Surprisingly, Minimum Resolvable Temperature Difference (MRTD) measurements can be made with an accuracy better than the “total system uncertainty” spec of the blackbody. For small incremental temperature measurements made near zero DT and spaced closely in time, measurement accuracy is determined by the temperature noise (short term stability) and linearity of the blackbody, rather than its absolute accuracy.

Recall that MRTD measurements are made by recording the minimum resolvable positive contrast, the minimum resolvable negative contrast, and then averaging the two. This removes any inaccuracies in the reference (target) temperature. Additionally, the MRTD measurement now depends not on the accuracy of the blackbody, but on its linearity (that is, any offset error in the blackbody temperature will eliminated the positive and negative temperatures are averaged. The only remaining error is linearity: how well the slope of the temperature calibration curve matches true temperature).

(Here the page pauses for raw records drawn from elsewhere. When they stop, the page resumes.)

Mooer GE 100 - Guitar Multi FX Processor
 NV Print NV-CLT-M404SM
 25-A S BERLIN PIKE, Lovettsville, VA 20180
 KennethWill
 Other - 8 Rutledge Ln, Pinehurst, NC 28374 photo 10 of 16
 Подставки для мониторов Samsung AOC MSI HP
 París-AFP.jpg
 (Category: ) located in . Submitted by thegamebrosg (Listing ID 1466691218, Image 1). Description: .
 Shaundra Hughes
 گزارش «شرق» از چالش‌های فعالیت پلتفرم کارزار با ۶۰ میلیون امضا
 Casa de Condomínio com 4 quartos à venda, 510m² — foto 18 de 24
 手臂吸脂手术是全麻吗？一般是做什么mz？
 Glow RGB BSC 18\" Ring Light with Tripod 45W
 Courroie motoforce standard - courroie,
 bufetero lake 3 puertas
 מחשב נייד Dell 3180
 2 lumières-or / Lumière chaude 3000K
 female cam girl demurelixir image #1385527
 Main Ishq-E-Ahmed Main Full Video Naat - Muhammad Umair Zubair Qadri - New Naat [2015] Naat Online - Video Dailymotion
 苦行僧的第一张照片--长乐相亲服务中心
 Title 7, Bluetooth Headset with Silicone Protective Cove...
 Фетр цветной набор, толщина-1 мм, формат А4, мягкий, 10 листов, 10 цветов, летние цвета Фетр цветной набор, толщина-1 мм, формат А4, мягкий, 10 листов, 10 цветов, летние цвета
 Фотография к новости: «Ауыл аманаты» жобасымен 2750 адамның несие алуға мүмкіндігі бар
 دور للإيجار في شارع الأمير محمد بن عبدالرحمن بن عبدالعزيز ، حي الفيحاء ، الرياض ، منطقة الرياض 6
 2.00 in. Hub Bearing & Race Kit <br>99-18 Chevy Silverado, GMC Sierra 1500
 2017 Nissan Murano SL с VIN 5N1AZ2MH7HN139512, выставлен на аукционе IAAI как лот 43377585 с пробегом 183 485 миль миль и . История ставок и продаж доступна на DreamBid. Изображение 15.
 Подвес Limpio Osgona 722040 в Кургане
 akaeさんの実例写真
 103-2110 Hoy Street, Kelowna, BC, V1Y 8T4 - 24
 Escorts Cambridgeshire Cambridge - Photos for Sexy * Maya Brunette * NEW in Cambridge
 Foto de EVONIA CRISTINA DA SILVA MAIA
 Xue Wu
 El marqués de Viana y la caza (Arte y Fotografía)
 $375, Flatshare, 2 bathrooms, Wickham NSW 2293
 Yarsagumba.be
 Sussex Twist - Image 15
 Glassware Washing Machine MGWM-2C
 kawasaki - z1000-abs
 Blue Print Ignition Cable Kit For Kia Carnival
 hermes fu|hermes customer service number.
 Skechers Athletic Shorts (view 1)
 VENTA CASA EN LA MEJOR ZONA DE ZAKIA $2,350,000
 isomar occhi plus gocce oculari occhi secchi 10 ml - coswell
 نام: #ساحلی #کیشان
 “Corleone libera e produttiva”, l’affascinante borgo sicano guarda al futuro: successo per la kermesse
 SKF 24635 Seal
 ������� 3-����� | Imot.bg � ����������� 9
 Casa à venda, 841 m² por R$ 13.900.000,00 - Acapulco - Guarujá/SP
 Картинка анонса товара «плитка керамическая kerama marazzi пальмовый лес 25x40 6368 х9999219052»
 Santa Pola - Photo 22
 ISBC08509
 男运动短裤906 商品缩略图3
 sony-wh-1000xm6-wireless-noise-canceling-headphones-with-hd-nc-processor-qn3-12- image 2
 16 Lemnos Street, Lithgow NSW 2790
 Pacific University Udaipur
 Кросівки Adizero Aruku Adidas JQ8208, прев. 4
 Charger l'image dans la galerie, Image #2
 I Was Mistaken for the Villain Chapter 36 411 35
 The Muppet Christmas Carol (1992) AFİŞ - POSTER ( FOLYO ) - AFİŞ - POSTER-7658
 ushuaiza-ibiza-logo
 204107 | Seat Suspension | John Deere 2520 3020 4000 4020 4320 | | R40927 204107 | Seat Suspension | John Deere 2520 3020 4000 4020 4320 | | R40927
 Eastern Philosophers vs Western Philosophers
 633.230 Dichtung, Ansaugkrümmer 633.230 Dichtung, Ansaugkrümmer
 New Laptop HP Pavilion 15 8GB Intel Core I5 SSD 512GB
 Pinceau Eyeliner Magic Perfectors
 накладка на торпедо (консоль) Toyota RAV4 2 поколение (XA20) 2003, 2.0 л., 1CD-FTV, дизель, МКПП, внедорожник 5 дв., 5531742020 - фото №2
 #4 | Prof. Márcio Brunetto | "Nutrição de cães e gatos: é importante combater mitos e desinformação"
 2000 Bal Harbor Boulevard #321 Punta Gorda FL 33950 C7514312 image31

Temperature measurement linearity for an SBIR 2000 Series Blackbody is better than .0015°C/°C at any point within the blackbody’s range. Linearity is even better near zero DT: on the order of .0010°C/°C. So for small MRTDs (half a degree or less), error due to blackbody nonlinearity is less than the resolution of the temperature readout. The only significant error source is the short term stability of the blackbody system. The data sheet for the 2000 Series Blackbodies specifies short term stability as ±.003°C. This is a conservative spec — the blackbodies easily exceed this level of performance, particularly near zero DT in a stable lab environment. You should be able to make your MRTD measurements with blackbody uncertainty of better than ±3mK.